Furthermore, when I do manage to memorize enough to determine what to do, the moment I learn something in the math arena but not related to what I was studying before the previous learning is utterly extinguished. What I mean is that, say, I learn how to handle factoring. I have it down from an operational standpoint (I always have understood the concept of factoring just fine). The moment I learn for instance how to do some geometry, factoring is wiped. It’s just gone, never to return.
Whatever it is in most people’s brains that allows them to remember more than one math idea at a time (from a working-out-the-problem standpoint) is just not present in mine. I suspect it’s because so much of my mind is devoted to languages and data analysis at a high level, there just isn’t space for anything else like this.
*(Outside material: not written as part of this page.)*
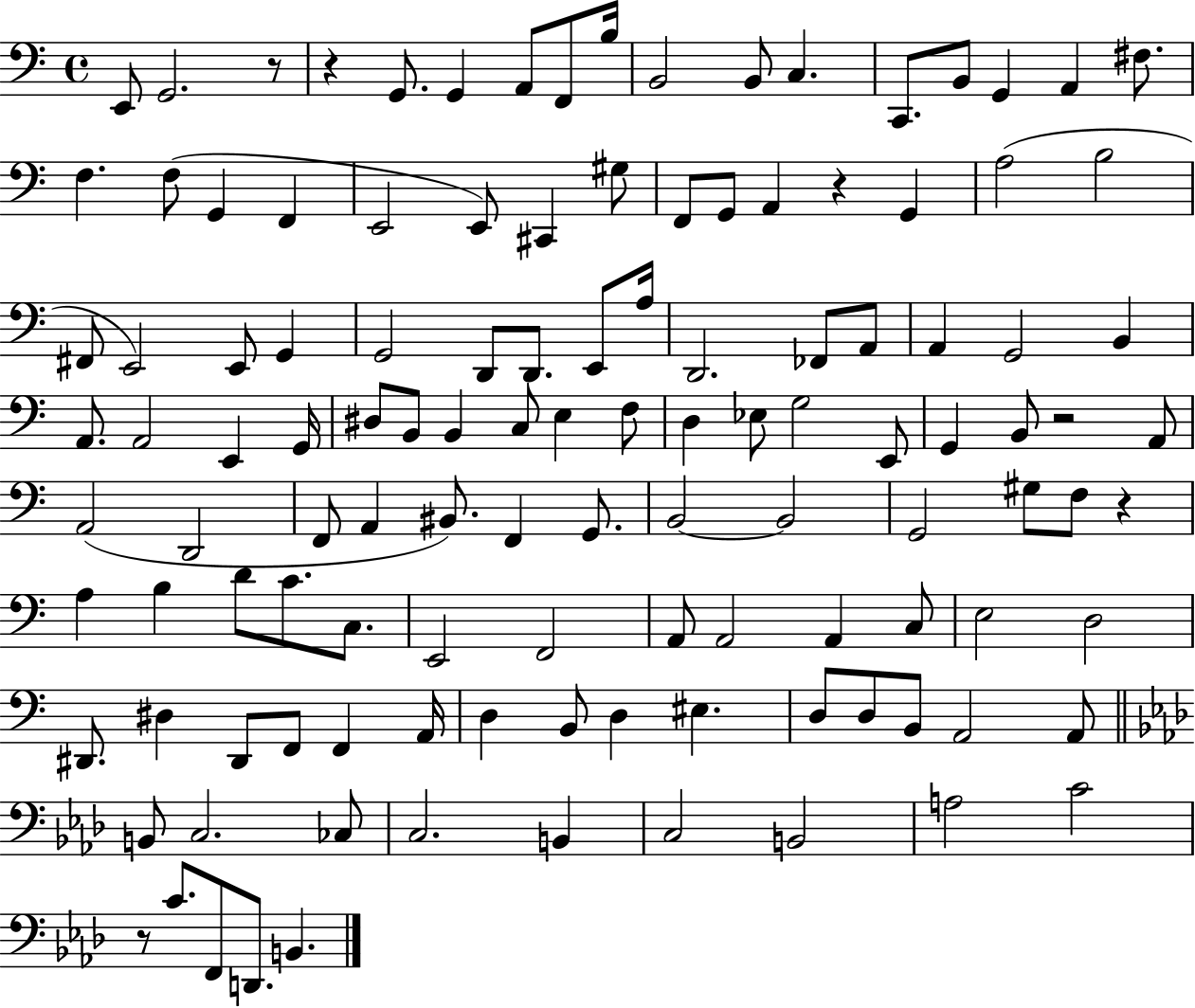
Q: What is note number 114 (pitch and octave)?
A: B2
In high school, a teacher was astounded that some algebra techniques that I’d seemingly mastered just a few weeks before I could no longer remember even the first thing about. Sure, I remembered doing them. But I had no idea how to perform them any longer. This is the case with anything in the math realm, no matter how much time I devote to it.
With great effort, I can memorize enough for one test and do well on it, but a week later, all is forgotten.